The last census showed it was about 1,200 but it’s grown a lot. We think there’s probably 3,000 or 3,500. They are building so many subdivisions it’s hard to keep up. We go by the voter rolls for incorporation to figure out the percentage of signatures we need,” Minninger said. “We got a new Burger King now and three gyms, a couple of churches and some little strip shopping center malls and plenty of gas stations and convenience stores. We have a Mexican and Italian restaurant and a sports bar. It’s growing pretty quick. We have a bank and day care centers and boutique clothing stores and beauty salons and liquor stores. We don’t have a grocery store yet.”

There is also a Levis plant as well as the De Beukelaer Cookie Company and Raytheon in the area. Shipley’s Donuts has been looking for a spot to build and open a franchise as well. But the appeal of the “Lucky City” is the rural feel of a small town according to Minninger. 

Kathy Simmons Willis moved to the area 15 years ago to be closer to Canton where her sons were in school.

“It’s a great place to live. There aren’t many restaurants and shops but it’s growing fast,” she said. 

“It’s just a nice area with a lot of good people that live here,” he said. “I want to see Gluckstadt be Gluckstadt and not be swallowed up. We have so much tradition here.”

Even with new conveniences, the rural hamlet stays true to its heritage with a Gluckstadt GermanFest held each year at St. Joseph Catholic Church. Replete with homemade German sauerkraut made in large crocs as well as bratwurst and German Folk music, the one day festival draws attendees from around the world.
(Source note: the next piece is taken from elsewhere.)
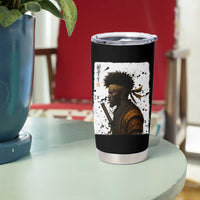 Afro American Samurai Tumbler Cup Japanese Vintage Graphic Sumie Katana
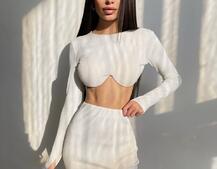 Трикотажный комплект: топ с чашечками push up + юбка миди с разрезом  Трикотажный комплект: топ с чашечками push up + юбка миди с разрезом  | PUSHKA SHOP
Held the last Sunday in September every year, more than 30,000 attendees come to town.

“The church is actually the very first school house and my dad who was born in 1923 went to school there,” Minninger said. “I love Apricot Strudel and my wife makes about 100 of them for the GermanFest every year.”

Town residents come together to create more than 1,200 pounds of homemade sauerkraut that comes from a family recipe according to Bill Weisenberger. More than 1,000 jars are available for sale as a fundraiser for the church. Another 1,200 pounds is made to put on the bratwurst. 
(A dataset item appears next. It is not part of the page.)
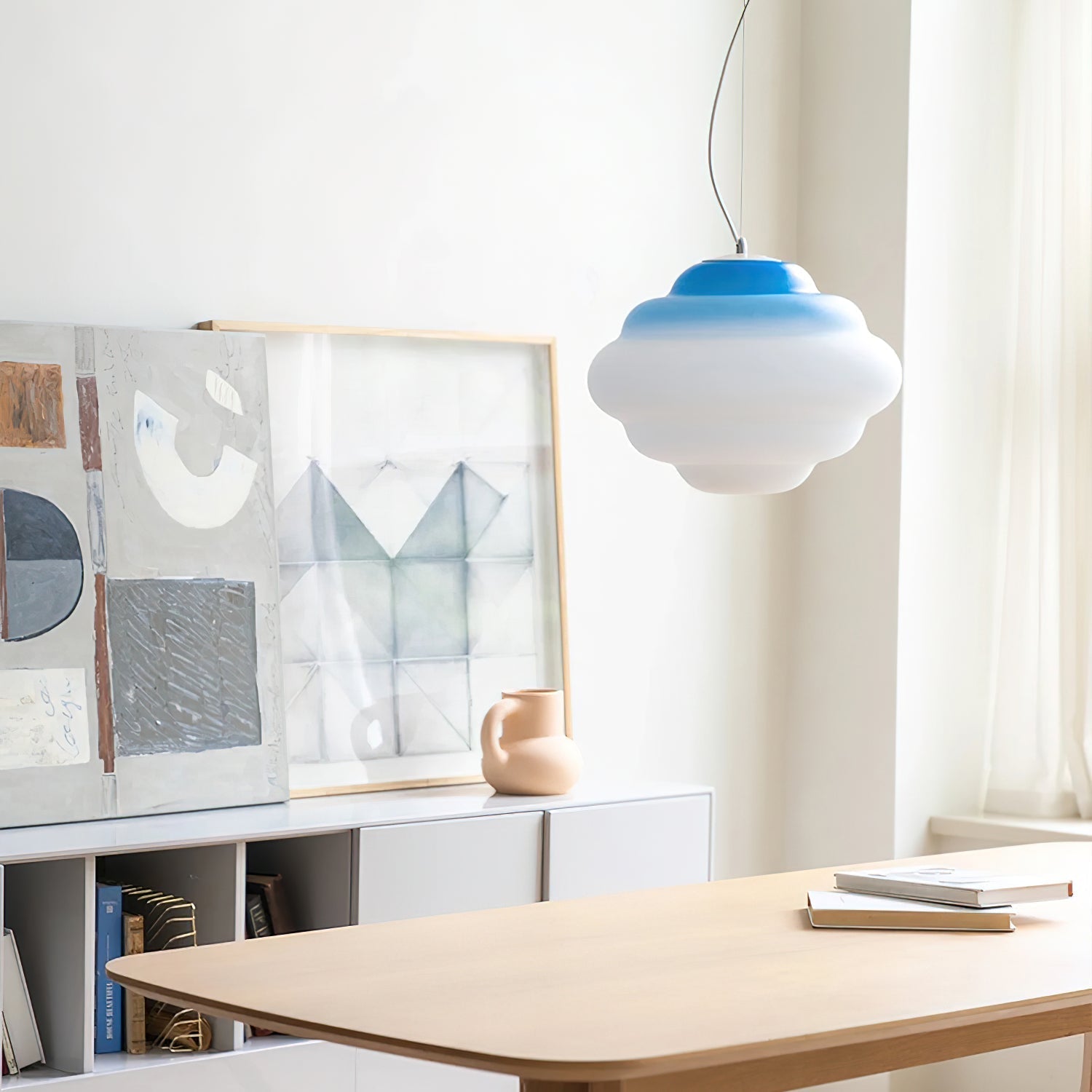 Eurvenara Premium Nordic Art Nuageux Verre Pendentif Lampe - Neutralighting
“It’s Aunt Gertrude Endris’ method,” third generation Gluckstadt resident Bill Weisenberger said. “It’s made in crocs that are hold seven or eight gallons. We do it the old-fashioned way. We get the cabbage and pack it down with salt in crocs and let it ferment outside for a couple to three weeks. It’s the best you’ve ever had.”
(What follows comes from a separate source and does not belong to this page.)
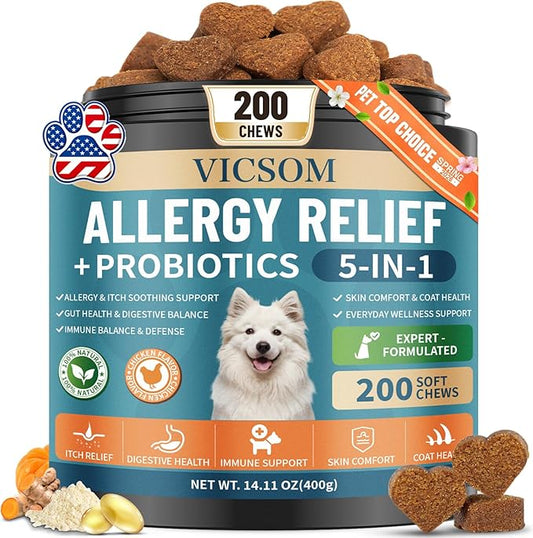 Dog Allergy Chews with Probiotics for Dogs, 200 Dog Allergy Relief Treats for Dogs Immune Support & Itching Skin Relief, Ears, Eyes, Paws Support, Dog Probiotics for Gut Health, Chicken Flavor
“It doesn’t taste like anything you get out of a can,” Minninger said.

The German heritage of the area also includes family recipes relating to Muscadine Wine and other spirits, according to Weisenberger. 

“Some of them made a little bit of moonshine and the older Germans brewed their own beer or home brew as they called it. That was a long time ago. My grandpa made a real good Muscadine Wine. We’d sneak a stiff every now and again. We didn’t sell any of it. It was for home consumption.”

Weisenberger also keeps the home meat smoking traditions alive at his Gluckstadt residence. With a handmade, 6-foot by 8-foot smokehouse, he smokes and cures meat.

Gluckstadt – the lucky German city for generations of residents and for many generations to come.